NF-κB is a ubiquitous pleiotropic transcription factor, and studies have shown that NF-κΒ activation is critically involved in a variety of lung diseases and lung inflammation [19–21]. NF-κB activation can regulate a series of lung gene expression related to inflammatory and immune responses: pro-inflammatory cytokines such as TNF-α, IL-1β, chemokines MCP-1, IL-8, and many other molecules. Therefore, its activity is closely related with acute lung injury (ALI) and acute respiratory distress syndrome (ARDS) . In most cell types, NF-kB is retained usually in the cytoplasm of the unstimulated cells by I-kBα family proteins. Upon stimulation, the I-kBα kinase complex is activated, resulting in the phosphorylation of I-kBs [47, 48] The phosphorylated IkBs are ubiquitinated and subsequently degraded, which will release the transcription factor NF-kB [36, 37]. In this study, we also found that PCN stimulation was associated with a significant increase in the level of phosphorylated I-kBα in total cell lysates. We further demonstrated that I-kBα decrease was accompanied by increased nuclear localization of p65 protein. These results suggest that PCN induces degradation of I-κBα and the subsequent translocation of NF-κB to the nucleus. The results also showed that different blockers (SB203580,PD98059 and PDTC) can reduce the expression of NF-κB p65 expression in cytosol and IL-8 expression, indicating that PCN may stimulate PMA-differentiated U937 cells to express cytokines IL-8 by MAPK and NF-κB signaling pathways.

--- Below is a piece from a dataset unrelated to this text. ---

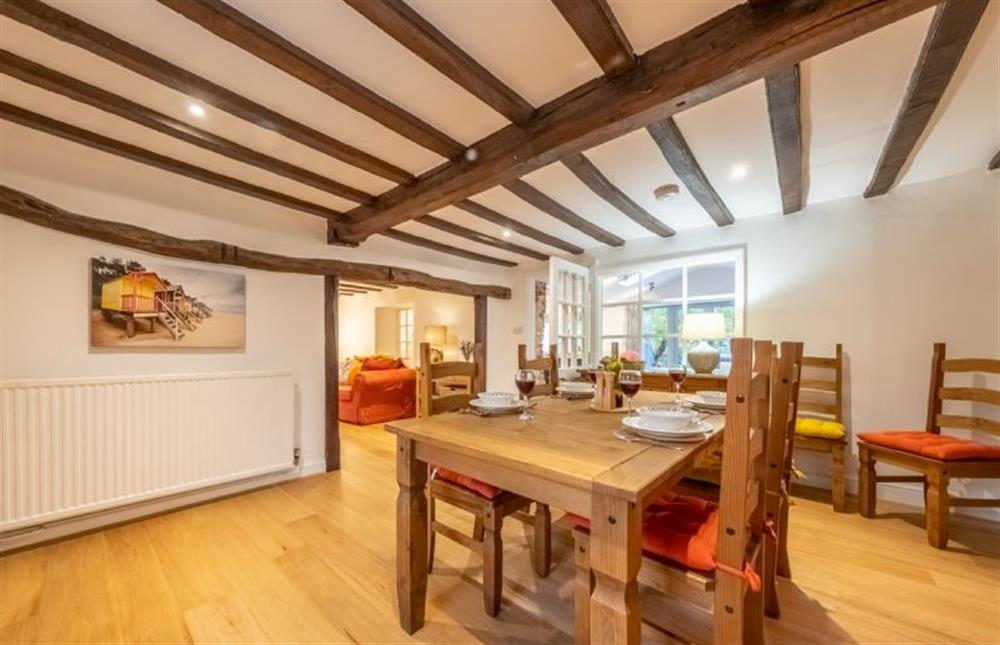 The dining room with the sitting room in the distance at Owl Cottage, Great Snoring near Fakenham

Acute and chronic pulmonary infection with P. aeruginosa is associated with an intense neutrophil inflammatory response that contributes to lung injury . A previous study has shown that PCN enhances airway epithelial cell release of IL-8 , a neutrophil chemokine whose production is regulated by oxidant-sensitive transcription factors [50, 51]. Our data indicated that PCN could induce oxidative damage in U937 cells and antioxidant NAC inhibited PCN-induced IL-8 protein expression. In most cases, PCN’s cytotoxicity has been strongly linked to its potential effects on redox cycle. When entering into cells, PCN oxidizes intracellular pools of NADPH, NADH and GSH directly by accepting electrons, and it passes these electrons to oxygen leading to sustained generation of ROS (O2
_ and H2O2) under aerobic condition . Oxidative damage results in unbalance between the oxidant and antioxidant processes. Antioxidant defense system (enzymatic scavengers SOD, CAT and so on and some smal1 molecule antioxidants including NAC, GSH, vitamin C and vitamin E) plays an important role in the elimination of oxygen radical . Cellular GSH levels have been reported to influence the activity of a number of transcription factors, including NF-κB, AP-1, and HIF-1α [53, 54]. NAC is a thiol compound that has direct antioxidant properties and also is converted to GSH by cells and thereby limits oxidant-mediated cell injury. By demonstrating the inhibitory effect of NAC on PCN-induced IL-8 production, we indicate that NAC can act as a protective factor that mitigates PCN pro-inflammatory effect on differentiated U937 cells.
In short, in this study, we found that PCN could induce PMA-differentiated U937 cells to produce IL-8 by activating MAPKs and NF-κB signaling pathways. Our further studies will focus on understanding the interaction between p38 MAPK, ERK and other cytokine regulators. Knowledge of the mechanisms by which PCN induces PMA-differentiated U937 cells to produce cytokines may provide better understanding and rational approaches for the control of PCN-induced inflammatory processes.